- [WORK ITEM]
Every line below from the one containing "Setup and programming" through the one containing "Comfort Colors® Dog" is to be printed exactly, with the pictures omitted.

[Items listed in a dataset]
•••

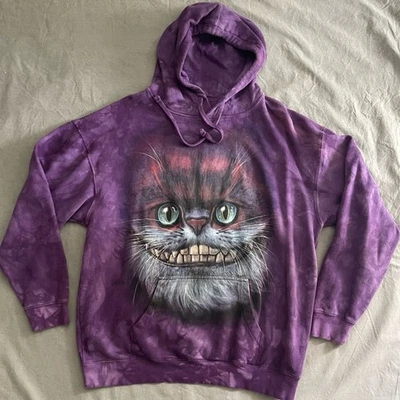 THE MOUNTAIN Purple Tie Dye Big Face Cheshire Cat Pullover Hoodie - Unisex Sz L - Image 1 of 4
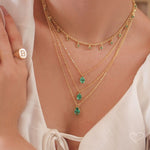 Mix de Colares Olivia Zircônias Turmalina Folheado a Ouro 18k - Piuka
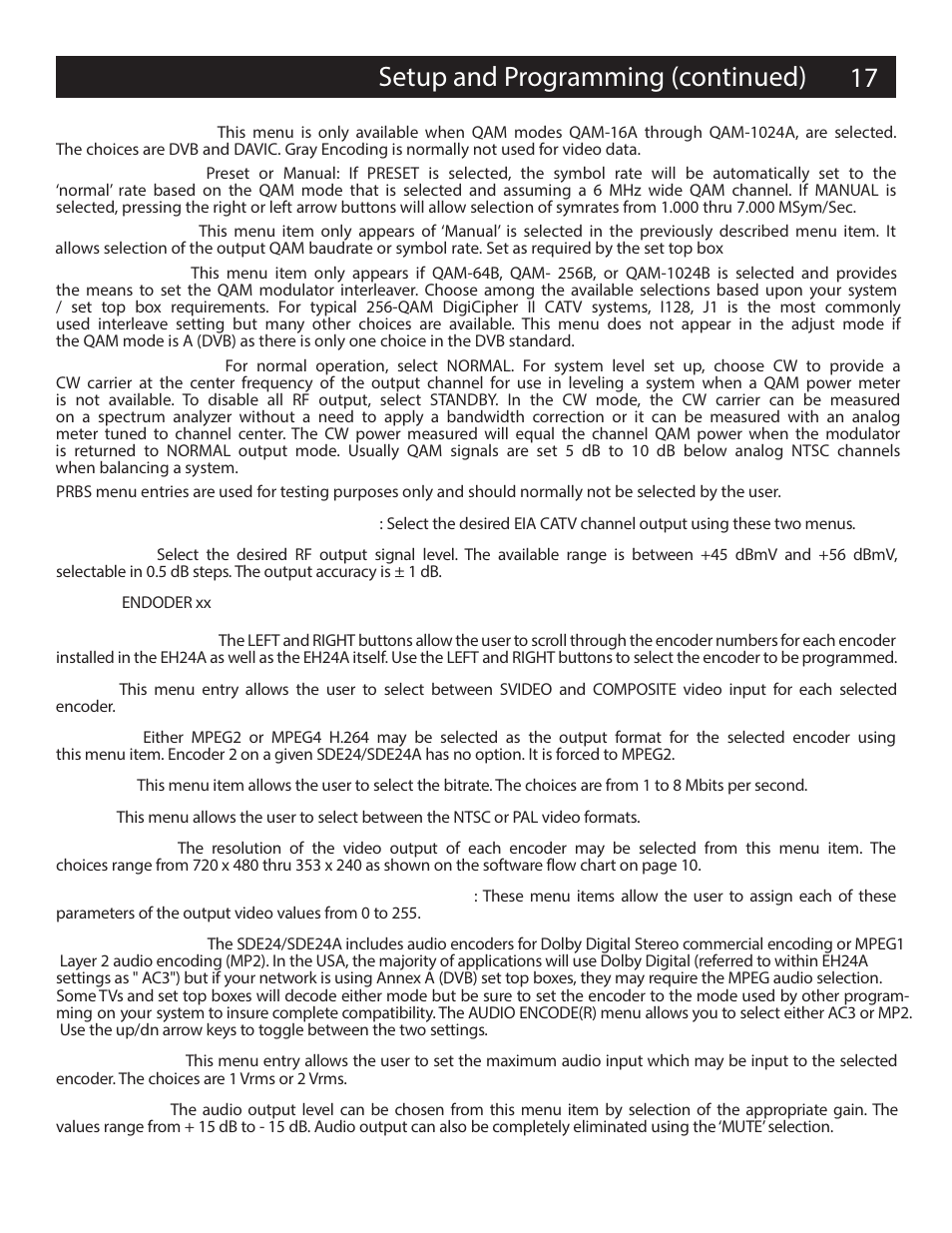 Setup and programming (continued) 17 | Drake EH24A/EH24A ASI User Manual | Page 17 / 26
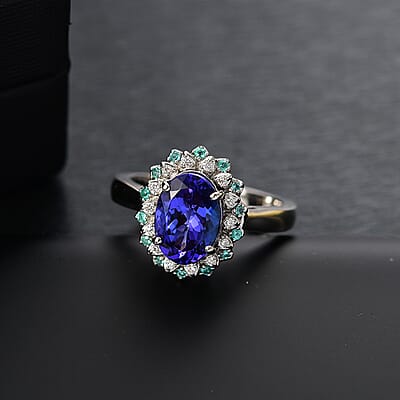 Certified & Appraised Rhapsody 950 Platinum AAAA Tanzanite, Paraiba Tourmaline and Diamond (E-F, VS2) Blooming Floral Ring (Size 11.0) (10.90 g) 3.55 ctw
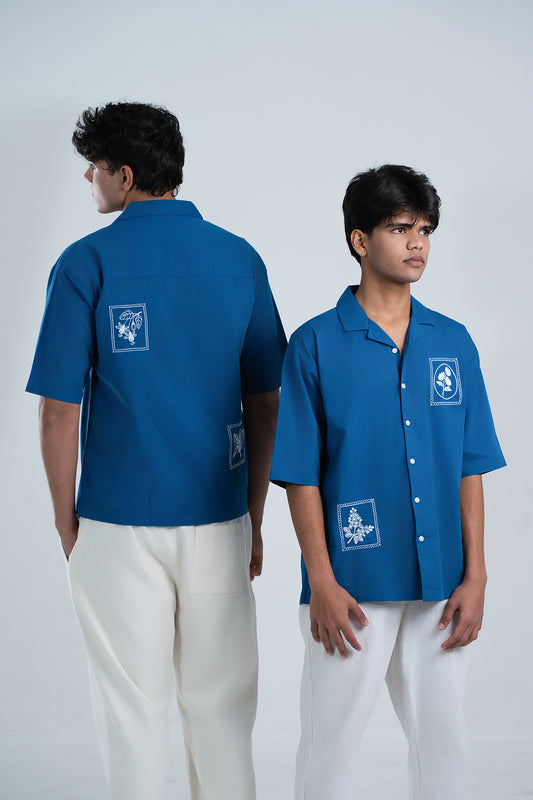 Chihiro Hana Twill Embroidered Shirt – Indigo Blue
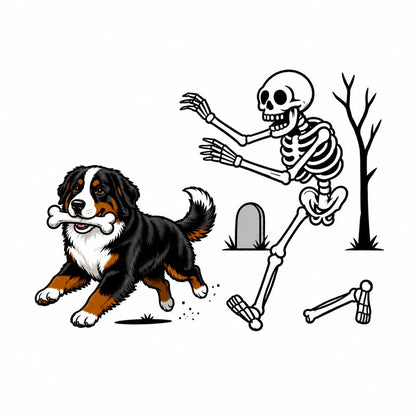 Comfort Colors® Dog Breeds Halloween Skeleton T-Shirt – Funny Spooky Season Pet Lover Graphic Tee, Retro Aesthetic Dog Costume Unisex Top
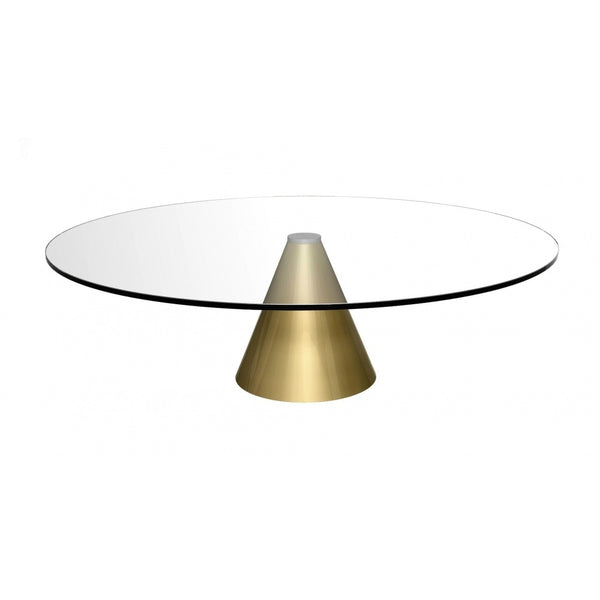 Large Round Clear Glass Coffee Table with Conical Brass Base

•••

- [SOLUTION TO THIS EXERCISE]
 Setup and programming (continued) 17 | Drake EH24A/EH24A ASI User Manual | Page 17 / 26
 Certified & Appraised Rhapsody 950 Platinum AAAA Tanzanite, Paraiba Tourmaline and Diamond (E-F, VS2) Blooming Floral Ring (Size 11.0) (10.90 g) 3.55 ctw
 Chihiro Hana Twill Embroidered Shirt – Indigo Blue
 Comfort Colors® Dog Breeds Halloween Skeleton T-Shirt – Funny Spooky Season Pet Lover Graphic Tee, Retro Aesthetic Dog Costume Unisex Top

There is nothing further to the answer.